The membership problem for constant-sized quantum correlations is undecidable

TL;DR

This paper proves that determining whether certain fixed-sized quantum correlations can be achieved is fundamentally undecidable, highlighting intrinsic computational limits in understanding quantum entanglement and correlations.

Contribution

It demonstrates that the quantum membership problem remains undecidable even for constant-sized correlations, strengthening previous results and showing limits independent of measurement complexity.

Findings

Undecidability applies to fixed-sized quantum correlations.

The result constrains descriptions of quantum correlation sets.

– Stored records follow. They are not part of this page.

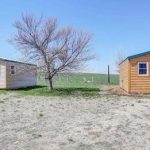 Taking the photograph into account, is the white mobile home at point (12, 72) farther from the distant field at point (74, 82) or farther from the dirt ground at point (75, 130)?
the dirt ground at point (75, 130)

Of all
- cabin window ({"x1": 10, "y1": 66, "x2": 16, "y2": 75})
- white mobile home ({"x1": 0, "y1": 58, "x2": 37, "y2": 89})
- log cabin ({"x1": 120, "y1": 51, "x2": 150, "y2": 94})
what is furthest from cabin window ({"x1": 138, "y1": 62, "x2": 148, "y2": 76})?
cabin window ({"x1": 10, "y1": 66, "x2": 16, "y2": 75})

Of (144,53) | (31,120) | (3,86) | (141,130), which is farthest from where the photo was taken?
(3,86)

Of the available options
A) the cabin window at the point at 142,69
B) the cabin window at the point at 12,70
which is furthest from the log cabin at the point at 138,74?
the cabin window at the point at 12,70

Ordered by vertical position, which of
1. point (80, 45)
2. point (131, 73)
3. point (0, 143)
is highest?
point (80, 45)

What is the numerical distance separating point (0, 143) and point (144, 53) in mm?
16909

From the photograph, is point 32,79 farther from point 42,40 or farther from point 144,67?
point 144,67

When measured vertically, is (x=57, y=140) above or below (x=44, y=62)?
below

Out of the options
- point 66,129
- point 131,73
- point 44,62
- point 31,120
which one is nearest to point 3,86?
point 44,62

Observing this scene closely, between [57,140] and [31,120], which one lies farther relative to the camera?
[31,120]

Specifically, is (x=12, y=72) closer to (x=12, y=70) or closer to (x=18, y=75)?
(x=12, y=70)

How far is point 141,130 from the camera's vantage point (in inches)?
374

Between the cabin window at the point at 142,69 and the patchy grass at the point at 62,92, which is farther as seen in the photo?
the patchy grass at the point at 62,92

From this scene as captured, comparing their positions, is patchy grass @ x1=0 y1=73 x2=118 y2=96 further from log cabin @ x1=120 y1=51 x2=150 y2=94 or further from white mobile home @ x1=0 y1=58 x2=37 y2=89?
log cabin @ x1=120 y1=51 x2=150 y2=94

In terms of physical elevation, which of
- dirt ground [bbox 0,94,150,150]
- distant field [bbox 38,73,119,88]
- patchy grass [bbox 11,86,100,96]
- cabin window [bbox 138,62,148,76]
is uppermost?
cabin window [bbox 138,62,148,76] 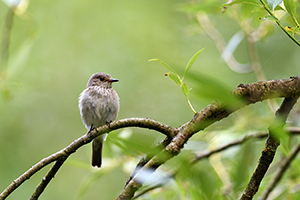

Proof combines quantum self-testing and undecidability of linear system nonlocal games.

Abstract

When two spatially separated parties make measurements on an unknown entangled quantum state, what correlations can they achieve? How difficult is it to determine whether a given correlation is a quantum correlation? These questions are central to problems in quantum communication and computation. Previous work has shown that the general membership problem for quantum correlations is computationally undecidable. In the current work we show something stronger: there is a family of constant-sized correlations -- that is, correlations for which the number of measurements and number of measurement outcomes are fixed -- such that solving the quantum membership problem for this family is computationally impossible. Thus, the undecidability that arises in understanding Bell experiments is not dependent on varying the number of measurements in the experiment. This places strong constraints on the types of descriptions that can be given for quantum correlation sets. Our proof is based on a combination of techniques from quantum self-testing and from undecidability results of the third author for linear system nonlocal games.